Material provided
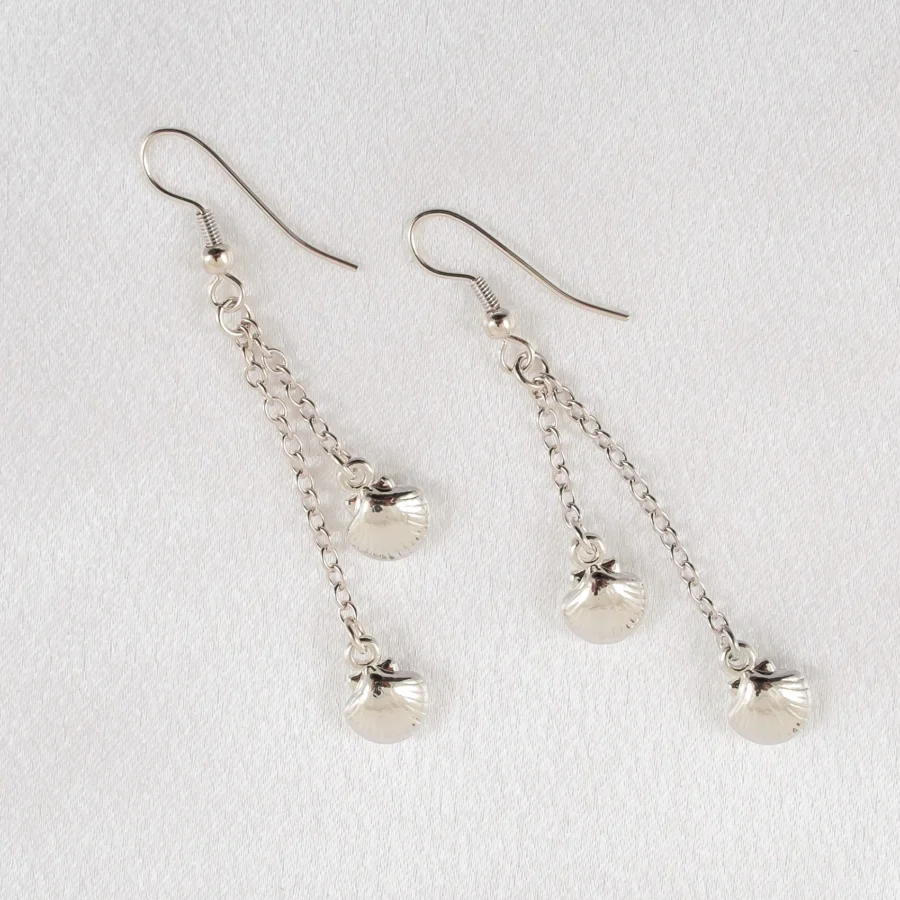 Sylvie Monthule Earrings Duo Shells Silver 2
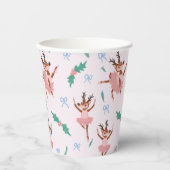Ballerina Reindeer und Bows Weihnachten Pappbecher (Vorderseite)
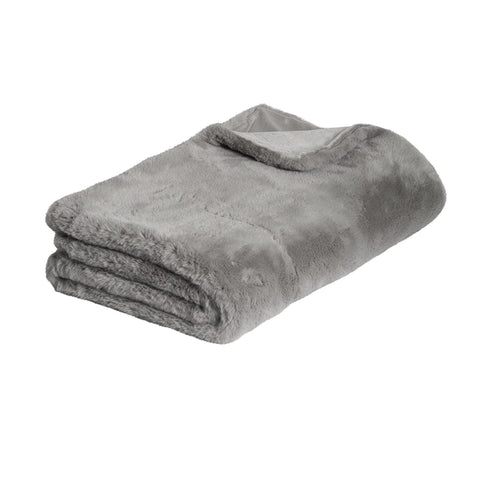 J Elliot Home Arlo Faux Fur Mink Throw Rug Blanket 125 x 150cm Silver Grey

Task requirements
Could you write out the whole listing exactly, dropping the pictures?

Response to the exercise
 Sylvie Monthule Earrings Duo Shells Silver 2
Ballerina Reindeer und Bows Weihnachten Pappbecher (Vorderseite)
 J Elliot Home Arlo Faux Fur Mink Throw Rug Blanket 125 x 150cm Silver Grey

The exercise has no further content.